▶ _AIM OF THE EXERCISE_: Give every entry below again, exactly as written, and skip the images.

Captioned web image data:
Content starts
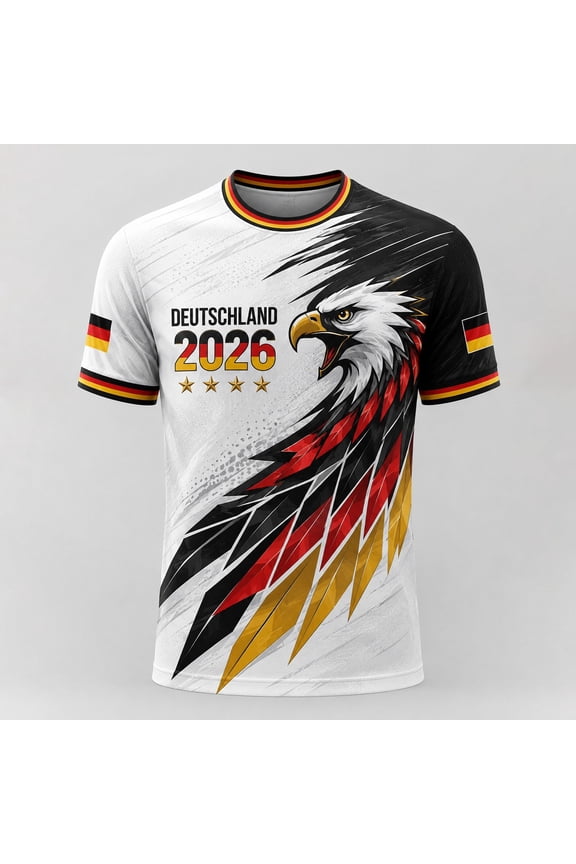 Women's Germany Soccer Eagle T-Shirt with "DEUTSCHLAND 2026" – Patriotic Crewneck Short Sleeve Tee for Football Matches, Fan Events & Casual Wear – Comfortable Summer Top (XXS-XXXXXXL)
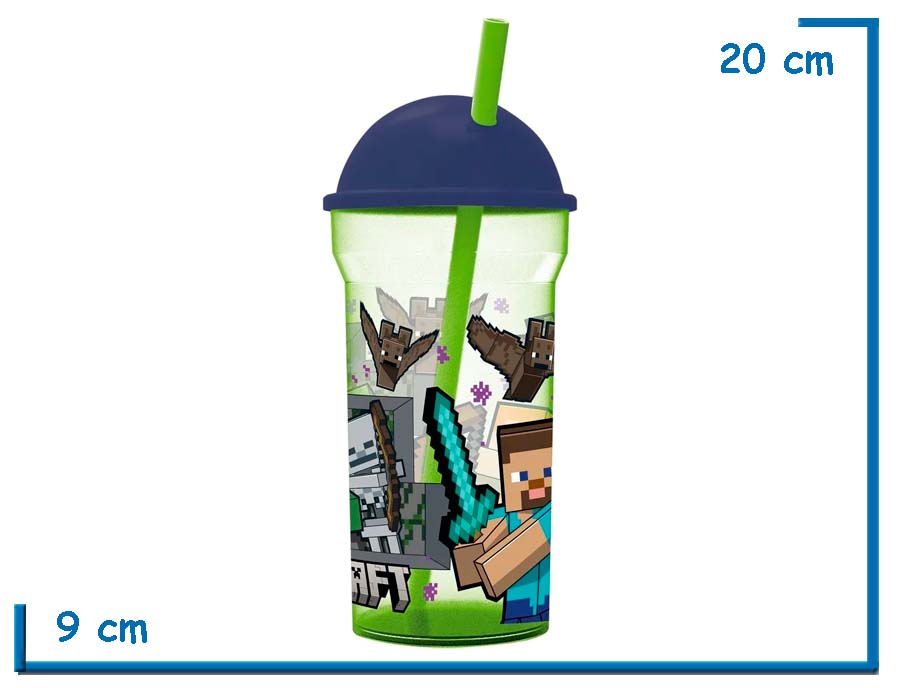MINECRAFT VASO 460 ML TRANSPARENTE TAPA ALTA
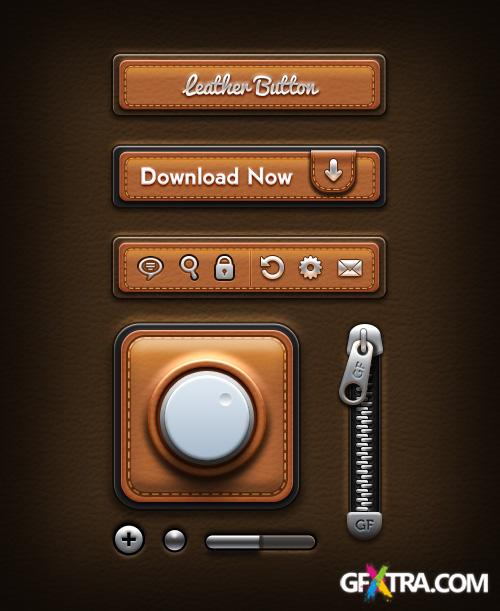Leather UI Elements (PSD)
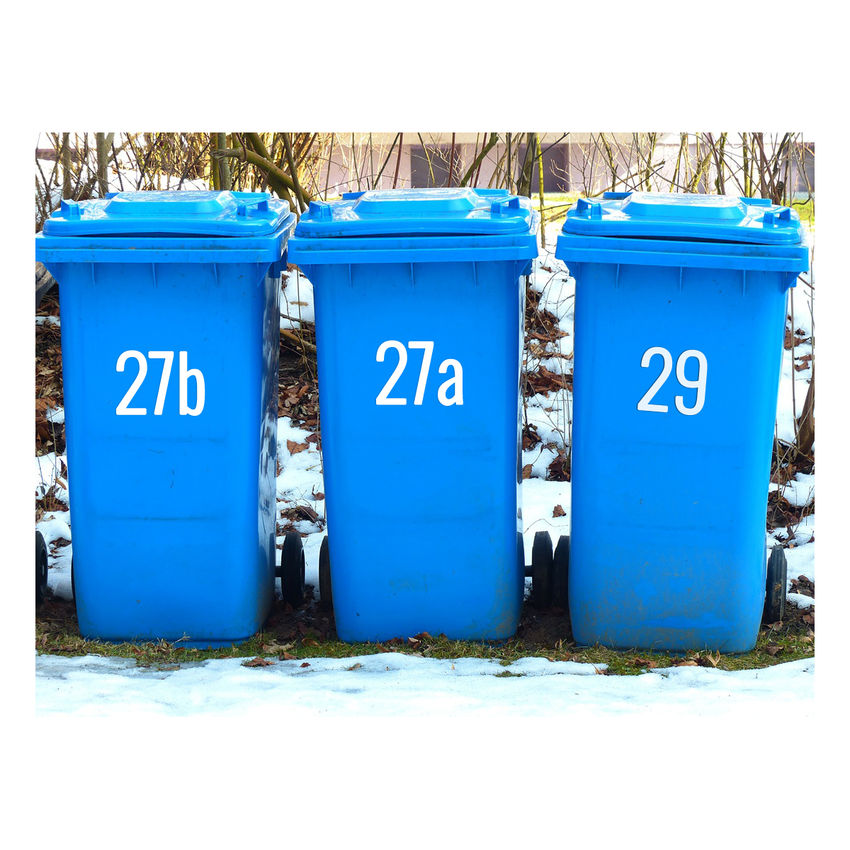 Hausnummer Mülltonnen Aufkleber 137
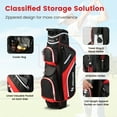 thumbnail image 3 of Topbuy 14-Way Golf Cart Bag Golf Club Bag with 14 Ways Organizer Divider Top 9 Zippered Pockets Cooler Bag Umbrella Holder Red, 3 of 8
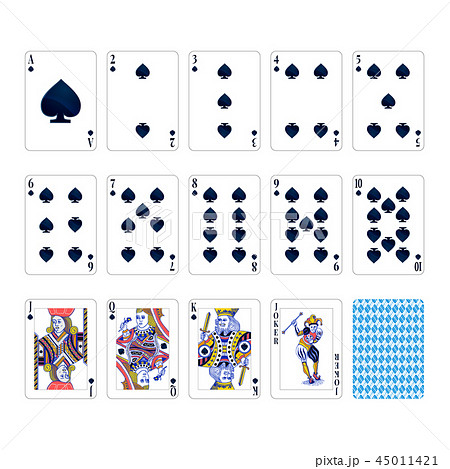 Full set of spades suit playing cards with joker Full set of spades suit playing cards with joker 45011421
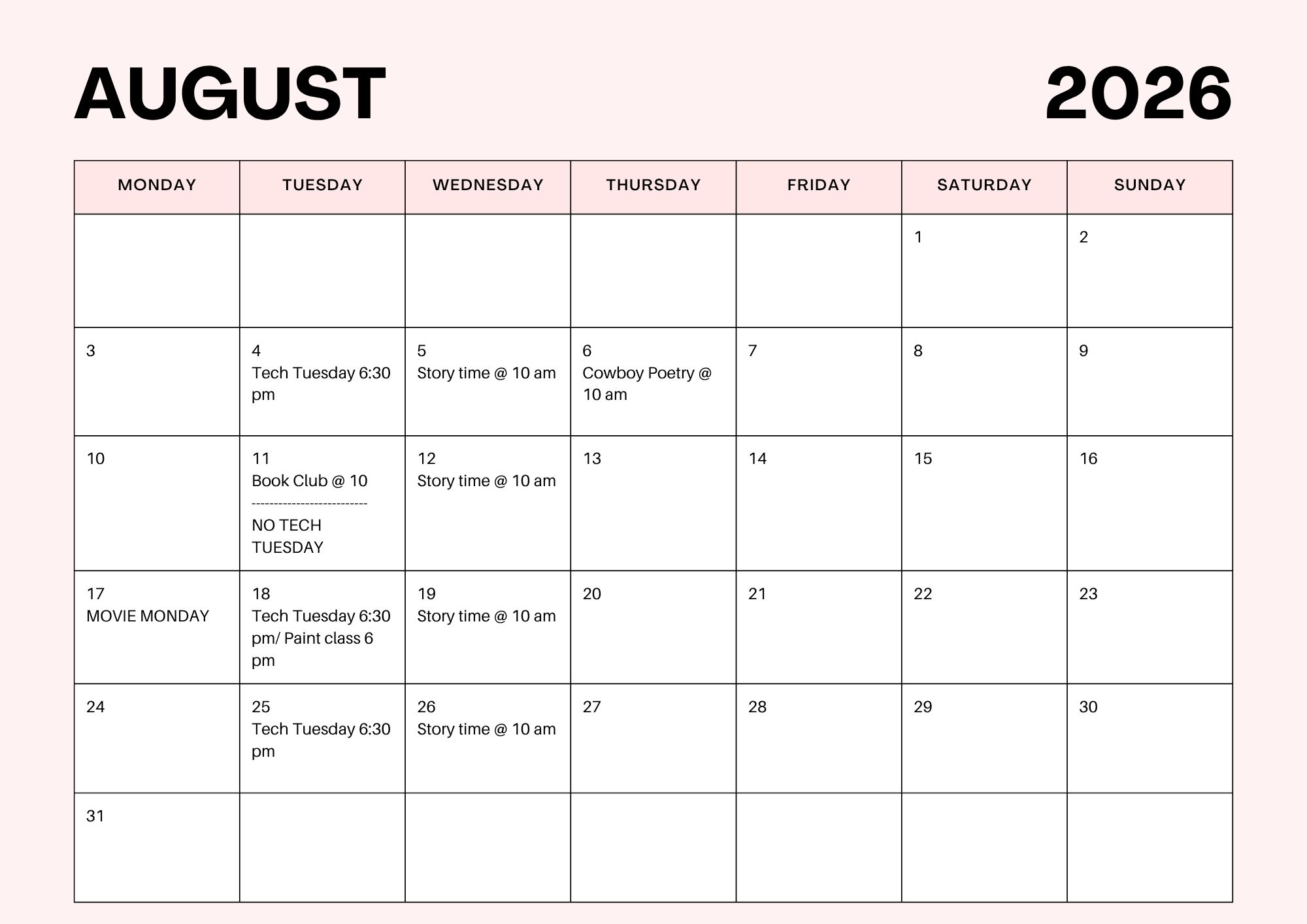 Pink Simple June 2026 Calendar Agenda A4 Document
Content ends
▶ _TASK OUTPUT_:
 Women's Germany Soccer Eagle T-Shirt with "DEUTSCHLAND 2026" – Patriotic Crewneck Short Sleeve Tee for Football Matches, Fan Events & Casual Wear – Comfortable Summer Top (XXS-XXXXXXL)
MINECRAFT VASO 460 ML TRANSPARENTE TAPA ALTA
Leather UI Elements (PSD)
 Hausnummer Mülltonnen Aufkleber 137
 thumbnail image 3 of Topbuy 14-Way Golf Cart Bag Golf Club Bag with 14 Ways Organizer Divider Top 9 Zippered Pockets Cooler Bag Umbrella Holder Red, 3 of 8
 Full set of spades suit playing cards with joker Full set of spades suit playing cards with joker 45011421
 Pink Simple June 2026 Calendar Agenda A4 Document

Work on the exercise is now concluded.